After yesterday’s huge jump in U.S. GDP, Canada’s August gross domestic product report this morning delivered disappointment.

Statistics Canada said that economic activity contracted 0.7% in August. The last time the economy experienced such a large setback was in September 2001, when GDP fell 0.6%.

The good news is that the setback is largely the result of the blackout in Ontario; that province represents about 42% of the total Canadian economy.

Economists had expected a 0.5% decline in August. To make matters worse, the prior month’s gain also was revised down to 0.5% (from 0.6%).

“While largely expected, the sharp drop in August still stands in stark contrast to the knockout number out of the U.S. yesterday,” says BMO Nesbitt Burns. “We look for a full rebound in activity in September, but this will still keep Q3 growth struggling to reach 2.5%.”

Nesbitt reports that both the goods-producing and services sectors were clobbered, with a 3.4% drop in wholesale trade leading the way down.
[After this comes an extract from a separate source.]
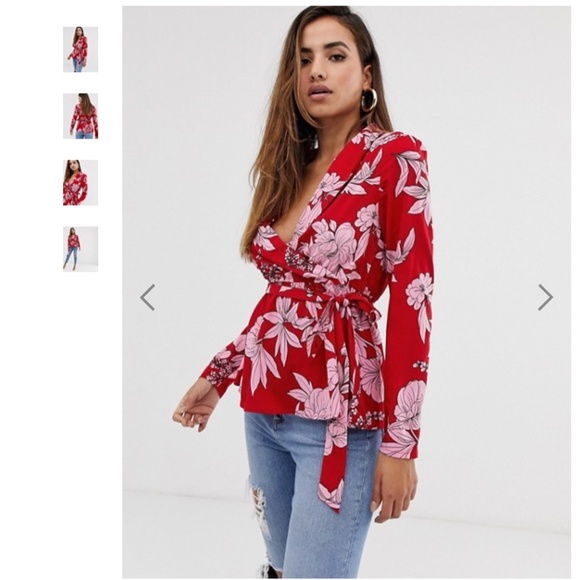 Floral Red and Pink Blouse Top from ASOS - Picture 4 of 4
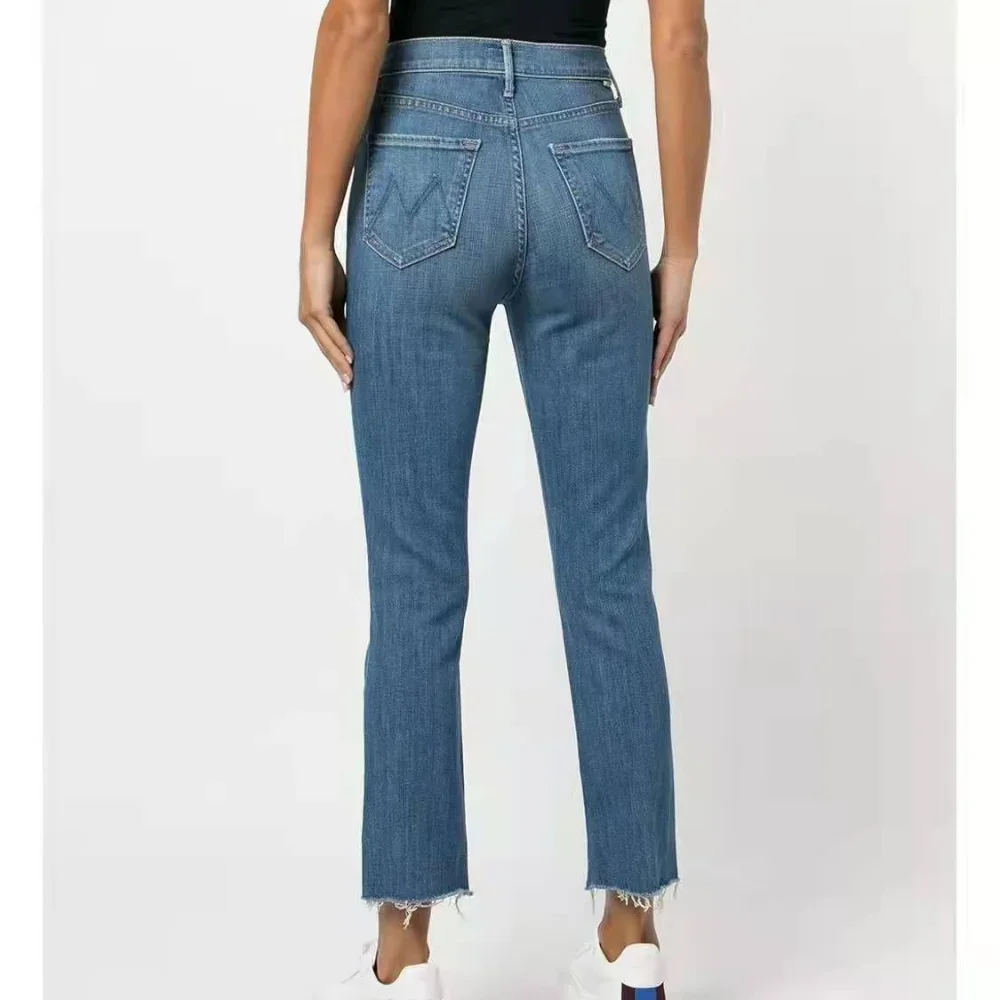 Spring and Summer New Micro-elastic High Waist Buckle Nine Points To Repair The Small Straight Pipe Jeans Female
Manufacturing fell 0.6%, public administration fell 2.7% and utilities output slid 0.7%.

Unlike manufacturers, most service producing industries were unable to recuperate their time lost.
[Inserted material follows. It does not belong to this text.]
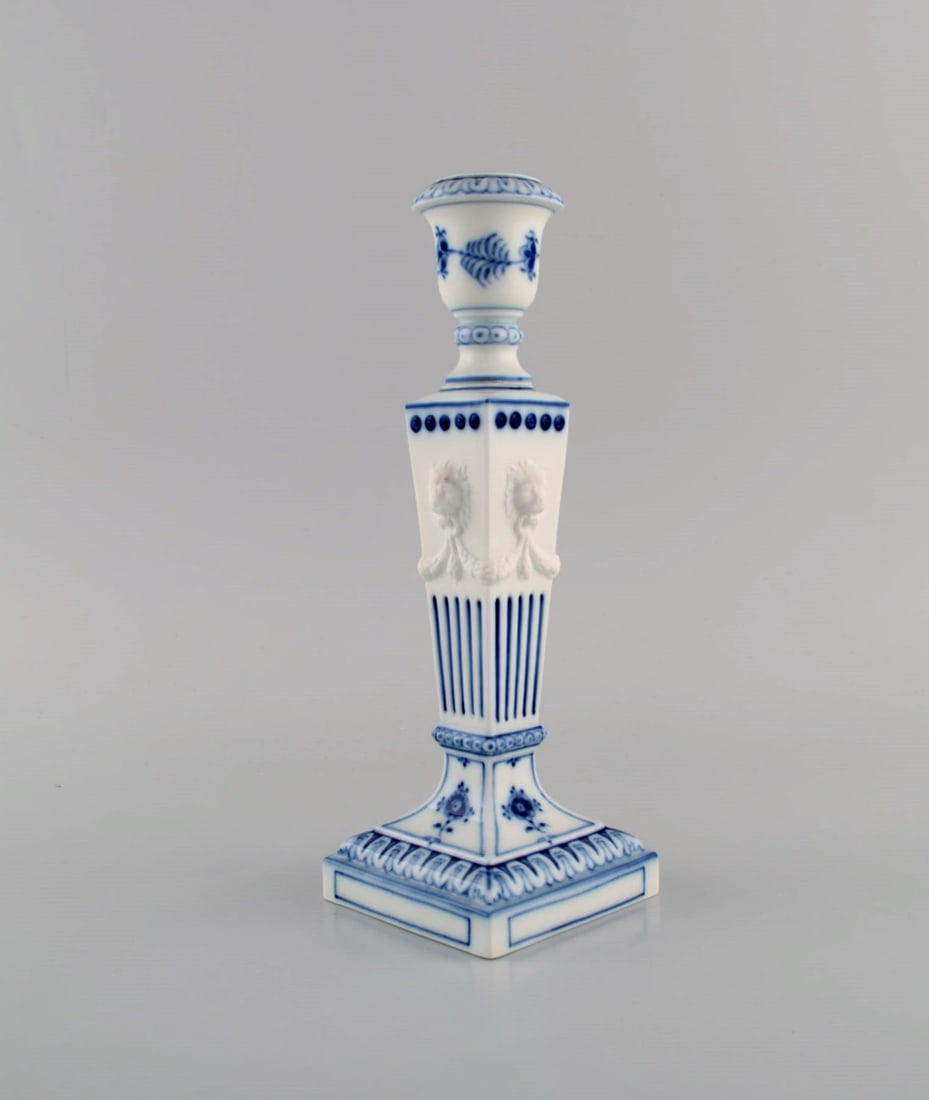 Two Royal Copenhagen Blue Fluted Plain candlesticks with lion heads. Dated 1969-1974. Model number - 3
The public administration sector was strongly affected, since most government offices operated at minimal capacity to conserve electricity needed to fuel the private sector economy.

TD Bank agrees that most industries probably recouped their losses in later months, but it also says that the hefty decline in the government sector is probably gone for good.

TD says today’s weaker-than-expected report could provoke the Bank of Canada to revisit its economic forecast and trim interest rates..”

Nesbitt notes that the Bank of Canada will see the September (and Q3) GDP reports just before they next decide on rates on December 2, so they will have a chance to assess whether growth has fully recovered from today’s big hit. “So, while dramatic, today’s report should not have an impact on policy,” it says.